**REQUIREMENT**
Could you transcribe every record below exactly, leaving out any pictures?
** INPUT FOR THIS TASK follows **
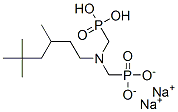 disodium dihydrogen [[(3,5,5-trimethylhexyl)imino]bis(methylene)]diphosphonate,94087-53-3,结构式
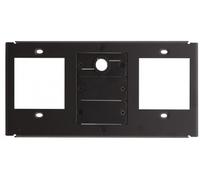 Kramer Electronics T4F-23 tapa de seguridad para enchufe Negro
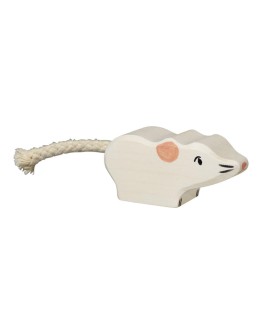 HOLZTIGER - Muis wit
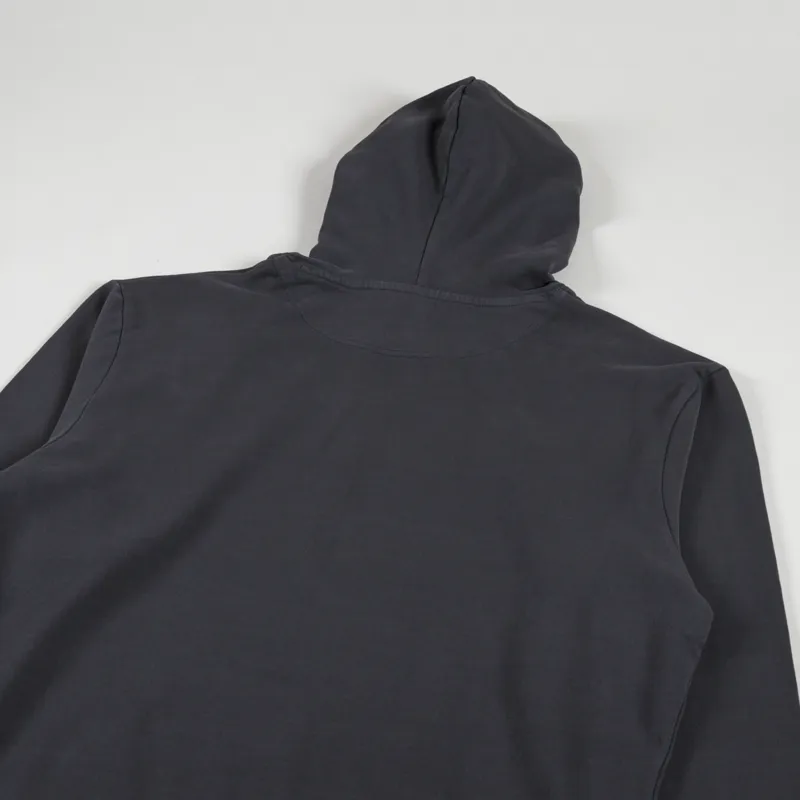Kavu Spellout Hooded Sweat Black Licorice-5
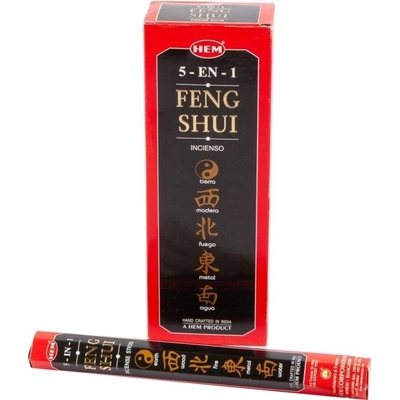 Hem Vonné tyčinky Feng Shui 5in1 20 ks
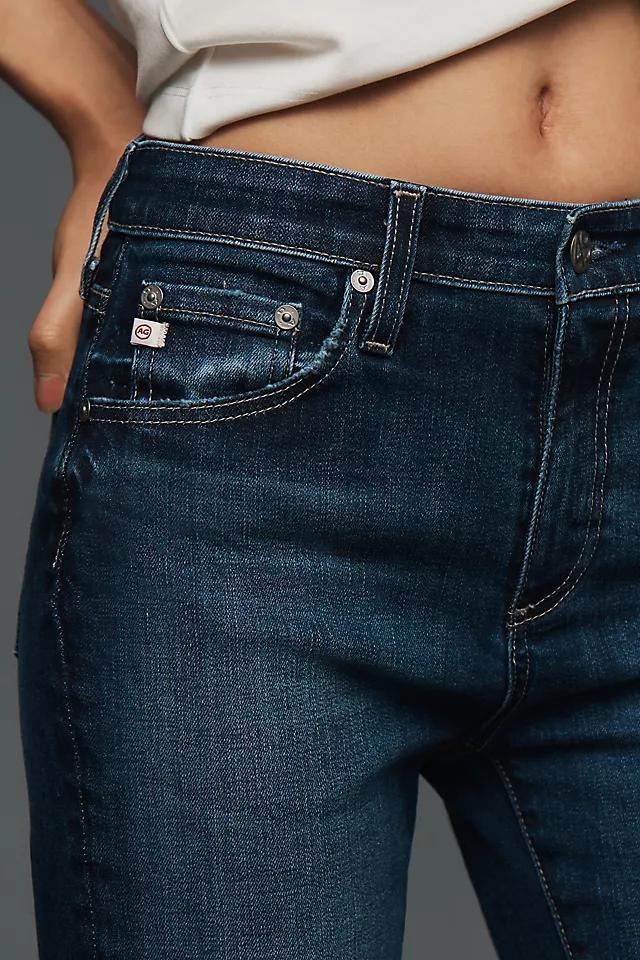 AG Farrah High-Rise Crop Bootcut Jeans Product Image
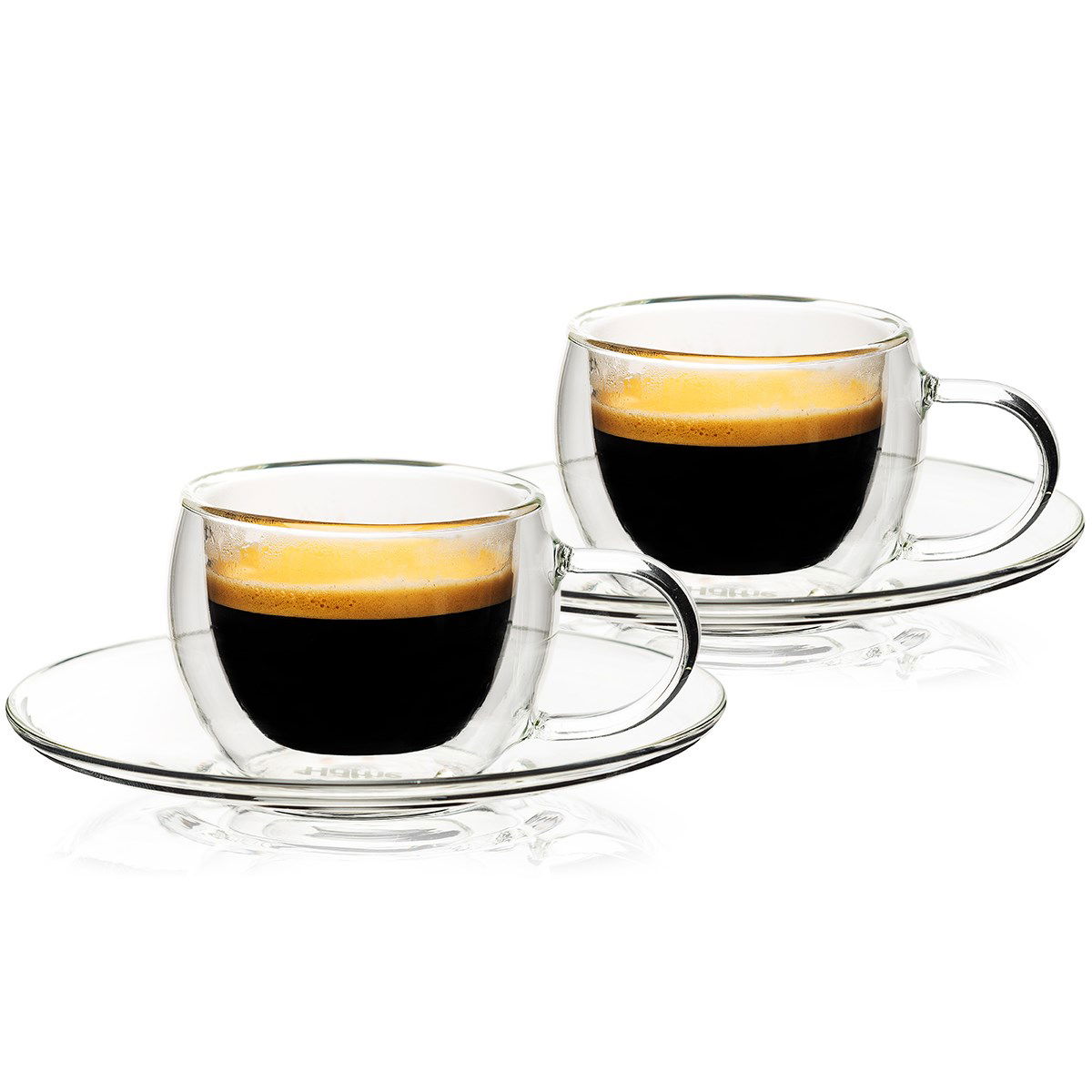Termo pohár na espresso Style Hot&Cool, 80 ml, 2 ks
** End of INPUT FOR THIS TASK **
**RESPONSE TO THIS EXERCISE**
 disodium dihydrogen [[(3,5,5-trimethylhexyl)imino]bis(methylene)]diphosphonate,94087-53-3,结构式
 Kramer Electronics T4F-23 tapa de seguridad para enchufe Negro
 HOLZTIGER - Muis wit
Kavu Spellout Hooded Sweat Black Licorice-5
 Hem Vonné tyčinky Feng Shui 5in1 20 ks
 AG Farrah High-Rise Crop Bootcut Jeans Product Image
Termo pohár na espresso Style Hot&Cool, 80 ml, 2 ks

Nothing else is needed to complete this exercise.